Мы бродили с Анной Андреевной по рынку, по старому городу. Ей нравился Ташкент, а за мной бежали дети и хором кричали: "Муля, не нервируй меня".

Эвакуация - Улица Кафанова - Пожар - Полководцы - Щечки - Трафареты и воры - Мангалка - Кино - Ахматова - Пьеса - Вход Барана - Записи Анне Андреевне - Возвращение

Мое самое раннее воспоминание о Раневской почти совпадает с первыми впечатлениями жизни. Мне полтора-два года. Эвакуация в Ташкент.

Страшная, долгая темнота, беспросветное ожидание, наверное, сначала машины, потом поезда; в черноте ночи огонек - один - нет, уехал - другой. В дороге, говорят, я тяжело болел - питание было соответствующее. Ничего о дороге не помню. Потом выяснилось, что две неизвестные дамы, жены ответработников, требовали убрать ребенка из теплушки: на станции была пересадка, не хотели - силой! - пускать в вагон, хотели выбросить.

Улица Кафанова в Ташкенте. Мы все - уже впятером: бабушка, мама, Фаина Георгиевна, Тата и я.

Мама пошла работать к Ромму на кинофабрику - он был начальником главка. Подбирала помощников. В один из дней к ней пришли две дамы, те, которые хотели выбросить в дороге из теплушки ее семью. Умоляли взять на работу. Мама взяла, пожалела их.

Очевидно, ташкентский дом, где мы жили, был типичным для города: прямоугольный участок за глиняным глухим забором-дувалом; вдоль улицы Кафанова - арык, через арык у ворот дома - мостик; двор разделен уже внутри арыком пополам, справа сад с большим деревом - грецким орехом, слева деревянный дом с высоким цоколем, наверх в бельэтаж вела длинная деревянная открытая лестница, по которой поднималась в свою комнату Фаина Георгиевна, где стоял ее диван, где она спала, беспрерывно курила и однажды заснула с папиросой в руке, выронила ее, одеяло и матрас задымились, был переполох. С тех пор с Фаиной Георгиевной я связывал клубы дыма, а поскольку тогда только учился говорить, называл ее "Фуфа". Так Фуфой стали называть Раневскую друзья, приходившие к ней в Ташкенте, и потом это имя сопровождало ее всю жизнь.

Из того периода сохранилось в памяти звучание голоса Фаины Георгиевны, вернее, проба голоса, актерский звук "и-и-и" - протяжный, грустный, - Раневская тренировала голосовые связки. Вот это "и-и-и" навсегда у меня связано с ней, с детством, с первыми воспоминаниями о близких.

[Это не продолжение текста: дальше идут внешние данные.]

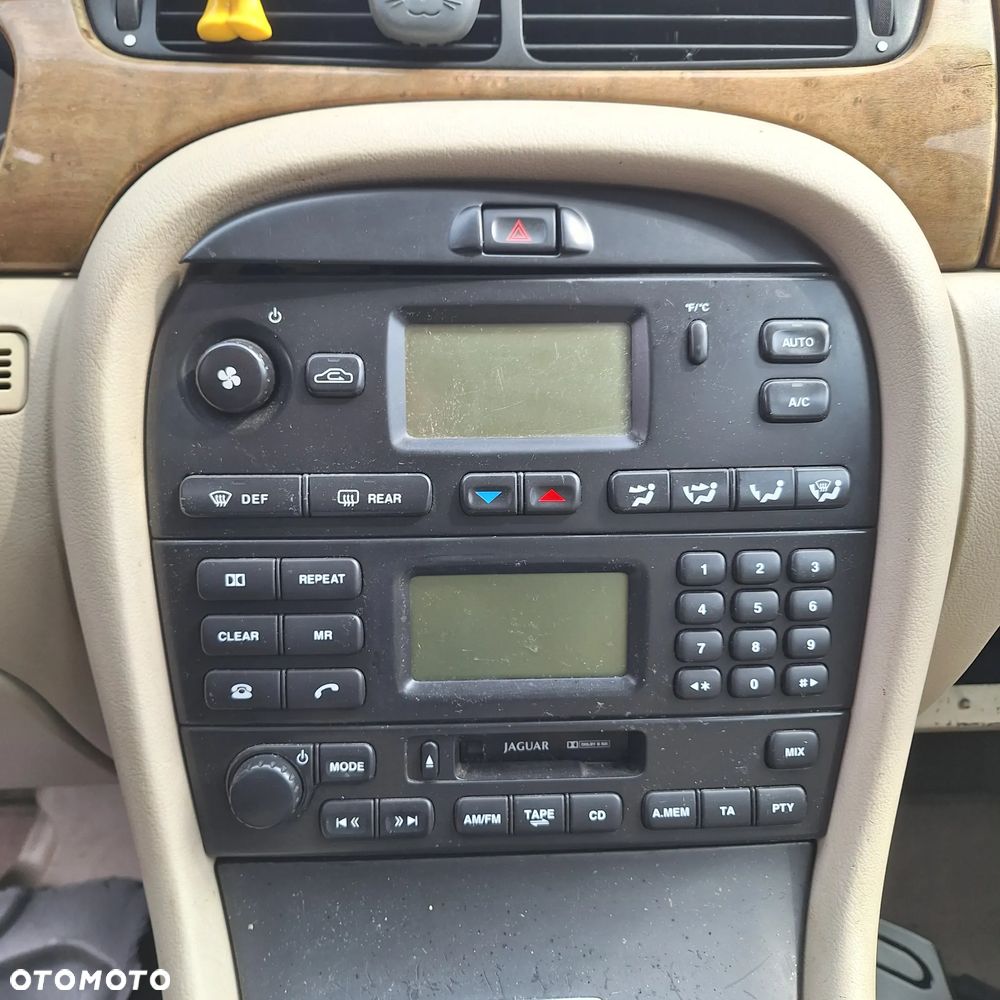 RADIO JAGUAR X-TYPE - 1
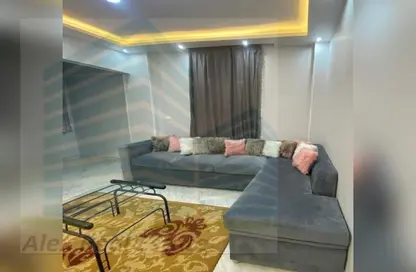 Apartment - 2 Bedrooms - 2 Bathrooms for rent in Abdel Salam Aref St. - Laurent - Hay Sharq - Alexandria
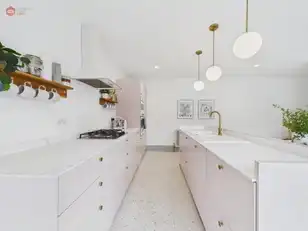 11 Eglinton LaneImage 3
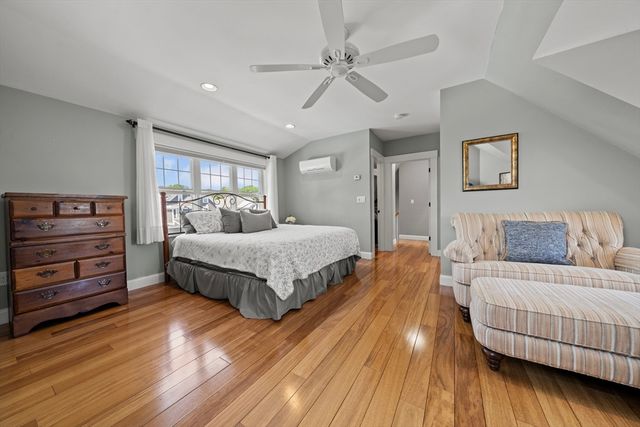 25 Franklin St, Woburn, MA 01801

В нашей комнате висела карта СССР с большой красной звездой - Москвой, и Фаина Георгиевна помогала Лиле (Павле Леонтьевне) прикреплять булавками флажки на изменчивую линию фронта.

У нас была книжка с портретами полководцев, которую со мной рассматривала Фаина Георгиевна и вся наша женская семья. Раневская часто рассказывала, какие блестящие способности открыла во мне в раннем детстве: "Маленький Алеша, показывая на книжку о полководцах, настойчиво повторял: "… Фулевич, Фулевич… Тузя ма газька, тузя ма газька…" И я поняла! Товарищи, он же говорит: "Суворов, Суворов… Кутузов без глаза!"" Вероятно, ее восхищение было плодом пристрастного отношения ко мне, но, конечно, это воспоминание мне очень дорого. Фаине Георгиевне, наверное, в это время очень не хватало какого-нибудь малыша, о котором она могла бы заботиться, играть и фантазировать с ним. Очевидно, тут и родилось мое официальное именование, придуманное Раневской: "эрзац-внук" - с ударением на первом слоге.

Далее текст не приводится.